Converting a hundred million integers to strings per second

Almost 7 years ago I wrote a blog post comparing performance of different methods of converting an integer into a string. A lot of things have changed since then so I decided to write a follow-up post and see how much progress has been made over the years.

First of all let’s look at the benchmark itself. It is based on Boost Karma int_performance benchmark ported to Google Benchmark to make the results more reproducible. It reports the time taken to convert ten million integers into strings. This is a somewhat weird metric so I changed it into a more intuitive conversion speed in integers per second.

One problem with the benchmark was that it used rand to generate input data in a non-portable way (thanks Travis Downs for reporting this issue). This was fixed by replacing rand with a proper pseudo-random number generator so now the input distribution is consistent across platforms.

Travis also pointed me to a recent bug on Intel CPUs which may affect performance when jump instructions cross cache lines. Experiments showed a big variation in mite_uops / dsb_uops after unrelated code changes (e.g. adding an unused function). To make the benchmark more reliable I implemented Intel CPU detection and the recommended mitigation, namely added -Wa,-mbranches-within-32B-boundaries to the compiler options.
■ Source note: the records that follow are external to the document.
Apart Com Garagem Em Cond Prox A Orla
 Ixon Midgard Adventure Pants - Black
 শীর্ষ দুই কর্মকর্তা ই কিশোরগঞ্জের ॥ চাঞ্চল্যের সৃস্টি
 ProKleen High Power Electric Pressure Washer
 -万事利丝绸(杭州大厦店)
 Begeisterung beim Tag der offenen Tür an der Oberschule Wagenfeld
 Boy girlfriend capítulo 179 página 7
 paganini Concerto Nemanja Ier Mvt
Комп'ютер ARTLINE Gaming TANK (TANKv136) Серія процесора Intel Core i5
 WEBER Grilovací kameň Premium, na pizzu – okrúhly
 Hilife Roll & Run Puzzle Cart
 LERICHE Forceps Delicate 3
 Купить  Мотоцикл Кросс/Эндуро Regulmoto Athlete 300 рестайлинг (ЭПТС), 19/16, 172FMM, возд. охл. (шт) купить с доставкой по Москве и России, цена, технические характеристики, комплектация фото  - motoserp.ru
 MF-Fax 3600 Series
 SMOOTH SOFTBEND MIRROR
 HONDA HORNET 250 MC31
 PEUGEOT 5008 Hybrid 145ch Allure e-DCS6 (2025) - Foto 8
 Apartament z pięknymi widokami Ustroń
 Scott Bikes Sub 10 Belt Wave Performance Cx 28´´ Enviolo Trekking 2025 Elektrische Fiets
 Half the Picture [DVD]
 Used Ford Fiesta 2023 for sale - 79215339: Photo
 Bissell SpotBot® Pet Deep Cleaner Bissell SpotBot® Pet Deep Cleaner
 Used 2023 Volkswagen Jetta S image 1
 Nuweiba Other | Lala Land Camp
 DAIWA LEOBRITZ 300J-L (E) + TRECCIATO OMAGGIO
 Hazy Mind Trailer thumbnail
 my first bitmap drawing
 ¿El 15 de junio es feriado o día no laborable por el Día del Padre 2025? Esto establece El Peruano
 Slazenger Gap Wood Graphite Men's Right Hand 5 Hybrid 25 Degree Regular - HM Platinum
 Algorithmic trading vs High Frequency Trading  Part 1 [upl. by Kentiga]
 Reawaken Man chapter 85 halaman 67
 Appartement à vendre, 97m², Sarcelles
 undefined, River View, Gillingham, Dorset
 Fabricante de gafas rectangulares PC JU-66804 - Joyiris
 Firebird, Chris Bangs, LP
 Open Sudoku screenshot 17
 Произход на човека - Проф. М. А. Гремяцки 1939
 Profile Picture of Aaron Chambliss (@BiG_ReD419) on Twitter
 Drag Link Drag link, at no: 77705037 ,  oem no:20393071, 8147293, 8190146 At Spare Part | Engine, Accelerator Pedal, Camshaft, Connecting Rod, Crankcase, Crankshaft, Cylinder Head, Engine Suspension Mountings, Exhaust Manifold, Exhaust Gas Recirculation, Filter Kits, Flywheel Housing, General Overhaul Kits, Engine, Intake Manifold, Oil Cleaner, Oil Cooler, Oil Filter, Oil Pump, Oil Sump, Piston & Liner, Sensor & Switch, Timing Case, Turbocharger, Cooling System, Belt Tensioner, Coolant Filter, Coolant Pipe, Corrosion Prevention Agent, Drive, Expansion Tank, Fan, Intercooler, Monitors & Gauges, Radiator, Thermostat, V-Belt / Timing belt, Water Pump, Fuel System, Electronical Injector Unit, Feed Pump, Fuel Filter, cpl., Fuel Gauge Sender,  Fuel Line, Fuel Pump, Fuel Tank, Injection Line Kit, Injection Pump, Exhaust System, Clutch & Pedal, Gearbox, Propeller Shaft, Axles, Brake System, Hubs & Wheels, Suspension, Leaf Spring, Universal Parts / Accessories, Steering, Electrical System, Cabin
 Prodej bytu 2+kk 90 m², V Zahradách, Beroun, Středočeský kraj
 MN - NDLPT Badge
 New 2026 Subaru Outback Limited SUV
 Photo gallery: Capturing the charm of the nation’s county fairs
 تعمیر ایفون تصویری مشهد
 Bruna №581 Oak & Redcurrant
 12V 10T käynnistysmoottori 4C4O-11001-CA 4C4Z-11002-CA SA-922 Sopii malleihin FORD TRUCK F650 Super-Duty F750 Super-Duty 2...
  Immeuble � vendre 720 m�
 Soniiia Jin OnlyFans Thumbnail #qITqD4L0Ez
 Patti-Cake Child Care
Here is an example of a single benchmark run without mitigation:

$ perf stat -e uops_issued.any,idq.dsb_uops,idq.mite_uops,dsb2mite_switches.penalty_cycles \
    ./int-benchmark --benchmark_filter=format_int
...
---------------------------------------------------------------------
Benchmark           Time             CPU   Iterations UserCounters...
---------------------------------------------------------------------
format_int    8420131 ns      8420392 ns           83 items_per_second=118.759M/s

 Performance counter stats for './int-benchmark --benchmark_filter=format_int':

     9,708,172,187      uops_issued.any                                             
     8,745,800,873      idq.dsb_uops                                                
     1,903,352,743      idq.mite_uops                                               
       470,737,031      dsb2mite_switches.penalty_cycles

and here is the same benchmark run with mitigation:

$ perf stat -e uops_issued.any,idq.dsb_uops,idq.mite_uops,dsb2mite_switches.penalty_cycles \
    ./int-benchmark --benchmark_filter=format_int
...
---------------------------------------------------------------------
Benchmark           Time             CPU   Iterations UserCounters...
---------------------------------------------------------------------
format_int    7455764 ns      7456006 ns           93 items_per_second=134.12M/s

 Performance counter stats for './int-benchmark --benchmark_filter=format_int':

    11,585,171,382      uops_issued.any                                             
    13,069,550,403      idq.dsb_uops                                                
       335,873,122      idq.mite_uops                                               
        11,939,259      dsb2mite_switches.penalty_cycles

As you can see there is almost 13% performance difference and a dramatic drop in dsb2mite_switches.penalty_cycles (and mite_uops / dsb_uops) that suggests that the mitigation is working.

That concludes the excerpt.